Recruitment
By RACHEL NICKLESS – The Australian Financial Review

Managers are inclined to hire people just like themselves: data can prove it – and help stop it happening where it is hurting the bottom line.

So says Talent Analytics Corp chief executive Greta Roberts, who was visiting Sydney from her base in the US last week to explain how predictive analytics can help employers make smarter hiring and promotion decisions and reduce employee churn.

Speaking from a forum held by the Association for Data-driven Marketing and Advertising, Roberts says “unless managers are incredibly aware, they tend to hire people who are like themselves”.

“It blows people away when they look at a manager and who they have hired [based on data alone],” Roberts says. Usually their profiles are so similar you can almost pick which manager hired which staff member, she adds.
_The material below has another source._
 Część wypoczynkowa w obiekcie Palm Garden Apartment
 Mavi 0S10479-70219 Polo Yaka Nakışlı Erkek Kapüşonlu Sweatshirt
For example, a risk-averse person is likely to hire people who are similarly risk averse, even if it is for a role that would suit a risk-taker or a team needs diversity, she says.

Predictive analytics for the workplace is used in much the same way as it has been used for years by marketers trying to find good customers, Roberts says. It is about collecting a set of disparate data on some 50-60 variables for a large group of employees and working out what variables “top performers” in that group have in common, and what things the “bottom performers’ have in common.

Then it is a matter of hiring more people with the same traits as stars and avoiding those whose profiles match the lowest performers, she says.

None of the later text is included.